(Beginning of EXERCISE INPUTS)

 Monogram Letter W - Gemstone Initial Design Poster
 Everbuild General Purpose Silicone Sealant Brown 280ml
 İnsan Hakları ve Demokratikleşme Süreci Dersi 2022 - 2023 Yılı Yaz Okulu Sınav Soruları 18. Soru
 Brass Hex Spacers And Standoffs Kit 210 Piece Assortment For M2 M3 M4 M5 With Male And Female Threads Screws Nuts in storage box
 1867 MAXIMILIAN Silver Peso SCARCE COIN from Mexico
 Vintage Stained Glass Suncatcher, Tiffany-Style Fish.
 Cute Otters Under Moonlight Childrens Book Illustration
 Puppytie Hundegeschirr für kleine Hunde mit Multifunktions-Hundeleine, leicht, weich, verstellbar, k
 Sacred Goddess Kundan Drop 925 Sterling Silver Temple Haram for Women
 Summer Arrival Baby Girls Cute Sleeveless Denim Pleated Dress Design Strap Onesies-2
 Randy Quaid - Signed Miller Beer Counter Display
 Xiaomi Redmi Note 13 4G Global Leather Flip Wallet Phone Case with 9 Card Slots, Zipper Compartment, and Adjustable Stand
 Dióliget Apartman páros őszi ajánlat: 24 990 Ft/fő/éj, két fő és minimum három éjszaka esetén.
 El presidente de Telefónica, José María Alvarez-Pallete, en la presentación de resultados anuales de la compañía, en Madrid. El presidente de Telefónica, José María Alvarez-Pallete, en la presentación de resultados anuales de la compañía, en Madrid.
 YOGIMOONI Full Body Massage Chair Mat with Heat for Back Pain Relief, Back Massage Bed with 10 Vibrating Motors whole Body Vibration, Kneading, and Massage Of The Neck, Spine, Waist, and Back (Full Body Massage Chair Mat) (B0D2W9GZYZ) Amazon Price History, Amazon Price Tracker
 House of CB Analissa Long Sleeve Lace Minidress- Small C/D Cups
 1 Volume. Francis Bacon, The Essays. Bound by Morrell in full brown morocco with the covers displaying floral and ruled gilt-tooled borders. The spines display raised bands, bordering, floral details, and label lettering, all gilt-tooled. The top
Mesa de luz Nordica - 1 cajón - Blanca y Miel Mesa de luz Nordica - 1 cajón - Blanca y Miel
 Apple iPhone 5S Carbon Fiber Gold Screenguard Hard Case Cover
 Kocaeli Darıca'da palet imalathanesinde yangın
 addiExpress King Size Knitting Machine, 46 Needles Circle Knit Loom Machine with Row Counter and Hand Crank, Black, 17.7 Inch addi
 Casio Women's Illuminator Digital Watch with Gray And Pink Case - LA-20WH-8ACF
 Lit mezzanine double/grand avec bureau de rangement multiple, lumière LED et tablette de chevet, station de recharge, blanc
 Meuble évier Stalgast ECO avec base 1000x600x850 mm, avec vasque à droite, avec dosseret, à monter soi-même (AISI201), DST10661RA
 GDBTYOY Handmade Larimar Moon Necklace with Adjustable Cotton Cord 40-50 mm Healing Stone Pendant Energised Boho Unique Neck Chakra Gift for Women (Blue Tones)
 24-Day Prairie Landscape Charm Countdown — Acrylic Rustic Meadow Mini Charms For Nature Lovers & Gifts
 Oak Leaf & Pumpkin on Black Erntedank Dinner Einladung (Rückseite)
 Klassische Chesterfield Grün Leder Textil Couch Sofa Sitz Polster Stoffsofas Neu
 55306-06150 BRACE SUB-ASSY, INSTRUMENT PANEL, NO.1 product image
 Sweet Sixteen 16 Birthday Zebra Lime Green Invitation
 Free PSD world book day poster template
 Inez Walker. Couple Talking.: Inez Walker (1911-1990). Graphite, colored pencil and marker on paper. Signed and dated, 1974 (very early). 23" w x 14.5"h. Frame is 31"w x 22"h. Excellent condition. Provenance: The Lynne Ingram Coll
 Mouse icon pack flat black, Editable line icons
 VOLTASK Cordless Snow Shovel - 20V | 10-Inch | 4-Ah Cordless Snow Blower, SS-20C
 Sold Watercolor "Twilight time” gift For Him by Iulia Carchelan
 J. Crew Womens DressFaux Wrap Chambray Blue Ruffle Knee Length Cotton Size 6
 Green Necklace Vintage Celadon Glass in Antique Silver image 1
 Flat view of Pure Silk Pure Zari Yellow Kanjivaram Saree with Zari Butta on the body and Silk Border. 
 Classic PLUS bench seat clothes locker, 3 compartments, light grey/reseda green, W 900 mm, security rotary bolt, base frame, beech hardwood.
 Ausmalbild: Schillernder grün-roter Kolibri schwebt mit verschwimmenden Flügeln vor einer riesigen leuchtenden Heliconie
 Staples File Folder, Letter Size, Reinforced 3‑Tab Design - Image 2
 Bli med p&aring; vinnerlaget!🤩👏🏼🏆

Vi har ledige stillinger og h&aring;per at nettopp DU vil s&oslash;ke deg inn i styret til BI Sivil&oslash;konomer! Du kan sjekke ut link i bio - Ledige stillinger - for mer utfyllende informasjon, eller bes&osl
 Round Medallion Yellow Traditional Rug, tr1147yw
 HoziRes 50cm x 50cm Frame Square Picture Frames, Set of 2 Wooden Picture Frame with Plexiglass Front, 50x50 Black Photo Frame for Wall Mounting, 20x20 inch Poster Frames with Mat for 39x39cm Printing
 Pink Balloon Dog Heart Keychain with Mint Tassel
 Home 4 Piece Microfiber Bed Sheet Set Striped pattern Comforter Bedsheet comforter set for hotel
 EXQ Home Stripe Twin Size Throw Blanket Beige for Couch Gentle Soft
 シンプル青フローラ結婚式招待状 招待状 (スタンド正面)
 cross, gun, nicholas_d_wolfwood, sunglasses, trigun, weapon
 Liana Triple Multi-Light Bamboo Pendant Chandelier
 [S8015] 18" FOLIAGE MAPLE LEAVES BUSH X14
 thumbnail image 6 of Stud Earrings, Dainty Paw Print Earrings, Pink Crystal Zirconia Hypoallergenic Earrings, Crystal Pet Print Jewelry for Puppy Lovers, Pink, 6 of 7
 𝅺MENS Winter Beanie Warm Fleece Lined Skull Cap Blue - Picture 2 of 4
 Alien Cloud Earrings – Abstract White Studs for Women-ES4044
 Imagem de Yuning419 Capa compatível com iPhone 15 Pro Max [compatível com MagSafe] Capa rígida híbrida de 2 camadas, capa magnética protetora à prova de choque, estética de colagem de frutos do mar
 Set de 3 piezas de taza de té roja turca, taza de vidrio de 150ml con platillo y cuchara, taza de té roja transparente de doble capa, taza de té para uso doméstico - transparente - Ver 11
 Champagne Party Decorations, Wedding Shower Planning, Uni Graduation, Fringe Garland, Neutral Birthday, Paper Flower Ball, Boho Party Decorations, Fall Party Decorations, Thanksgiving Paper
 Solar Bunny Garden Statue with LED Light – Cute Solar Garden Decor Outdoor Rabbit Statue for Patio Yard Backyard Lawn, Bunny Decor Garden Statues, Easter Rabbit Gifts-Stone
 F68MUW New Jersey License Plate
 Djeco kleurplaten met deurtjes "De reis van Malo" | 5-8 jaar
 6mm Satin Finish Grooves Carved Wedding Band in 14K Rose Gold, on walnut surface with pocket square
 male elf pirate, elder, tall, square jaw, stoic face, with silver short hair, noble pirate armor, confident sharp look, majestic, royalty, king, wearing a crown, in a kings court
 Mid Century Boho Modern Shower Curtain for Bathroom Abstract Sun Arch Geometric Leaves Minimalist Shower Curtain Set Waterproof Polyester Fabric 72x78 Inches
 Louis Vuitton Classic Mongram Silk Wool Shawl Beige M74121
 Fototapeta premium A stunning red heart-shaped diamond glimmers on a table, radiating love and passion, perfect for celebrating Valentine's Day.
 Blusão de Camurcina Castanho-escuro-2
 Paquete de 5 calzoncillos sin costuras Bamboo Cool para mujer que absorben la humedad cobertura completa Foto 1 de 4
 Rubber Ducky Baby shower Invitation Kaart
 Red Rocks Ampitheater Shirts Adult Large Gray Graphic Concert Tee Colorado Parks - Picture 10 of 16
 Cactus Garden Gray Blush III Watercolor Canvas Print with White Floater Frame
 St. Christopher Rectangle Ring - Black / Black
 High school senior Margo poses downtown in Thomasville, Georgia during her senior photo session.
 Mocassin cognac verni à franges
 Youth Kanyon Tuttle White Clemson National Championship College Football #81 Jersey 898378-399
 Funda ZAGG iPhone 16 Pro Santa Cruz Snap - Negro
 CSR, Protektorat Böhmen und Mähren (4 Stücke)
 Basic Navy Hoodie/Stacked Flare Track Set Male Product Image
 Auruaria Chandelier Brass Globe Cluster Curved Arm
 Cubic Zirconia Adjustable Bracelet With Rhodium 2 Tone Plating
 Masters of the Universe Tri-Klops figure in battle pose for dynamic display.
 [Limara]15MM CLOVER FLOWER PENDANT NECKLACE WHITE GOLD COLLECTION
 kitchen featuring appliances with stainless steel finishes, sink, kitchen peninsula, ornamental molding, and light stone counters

(End of EXERCISE INPUTS)

WHAT TO DO:
Count how many lines of the listing above include "base" and report that number alone.

EXERCISE OUTPUT:
2